2. The Duero River.
Duero river is a wine production area of Castilla y León. The remarkable Duero River offers shelter to some of Spain’s greatest wine regions. It originates high in the Sierra de Urbión, at the top of the Sistema Ibérico, and 600 km later empties into the Atlantic at Oporto, the city in Portugal that gives its name to a famous fortified wine. Descriptions of the river (spelled Douro in Portugal) along which Port is produced include terms such as remote, inaccessible, and difficult, but recall that the Port region is downriver of Spain’s Duero River wine regions.
If Portugal’s remote Douro River is downriver, then those Duero River Spanish vineyards are very high in elevation indeed (most of them located at 800 metters altitude but we can find vineyards at 1100 meters of altitude). That altitude brings advantages, such as long and cool growing conditions and cool–to–cold night time temperatures that preserve acidity, but also challanges for winemkaers—there will be vintages in which the wines don’t ripen properly, so is for this important to know the year of the wine.

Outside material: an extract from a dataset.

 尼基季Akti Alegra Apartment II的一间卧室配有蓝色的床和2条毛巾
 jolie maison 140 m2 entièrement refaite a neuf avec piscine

Some of Spain’s old and beautiful architecture is rooted in the Duero River valley, and the region's most famous estate, Vega Sicilia, exudes an air that seems older than its mid-nineteenth–century roots. It’s not that the winemaking is traditional or that the winery is antique. Some of the buildings are old and striking, but inside those doors, the winery is as ultramodern as any in the world.
But the ancient pervades: the aqueducts at Segovia offer evidence of a Roman presence, and vinous artifacts abound. Napoleon's troops perished on these fields during the war of Independence; El Cid fought for Spain's unification here as well. Now wheat fields and sugar beet plantations alternate with the vines; the breadbasket and the Ribera del Duero, Rueda and Toro vineyards lie together from Valladolid to Zamora to Segovia. High elevation viticulture this may be, but the region is still nestled between two mountain ranges: in the south, stand the Sierra de Guadarrama and Sierra de Gredos; to the north are the protective barriers of the Sierras de la Demanda and Sierra de Cantábria.
Best of Spain visit Rueda, Toro and Ribera del Duero and the Ultimate Winemaking Experience is run in this regions, If you would like to join this unique Experiences please request more information filling in the booking enquiry form.
The Wine Regions of Spain
1. The Ebro River Valley
Although the Ebro river actually runs though various regions from Cantabria to Valencia, the DOs gathered in this macro wine region are mainly located in the provinces of La Rioja, Álava, Navarra, Huesca and Zaragoza.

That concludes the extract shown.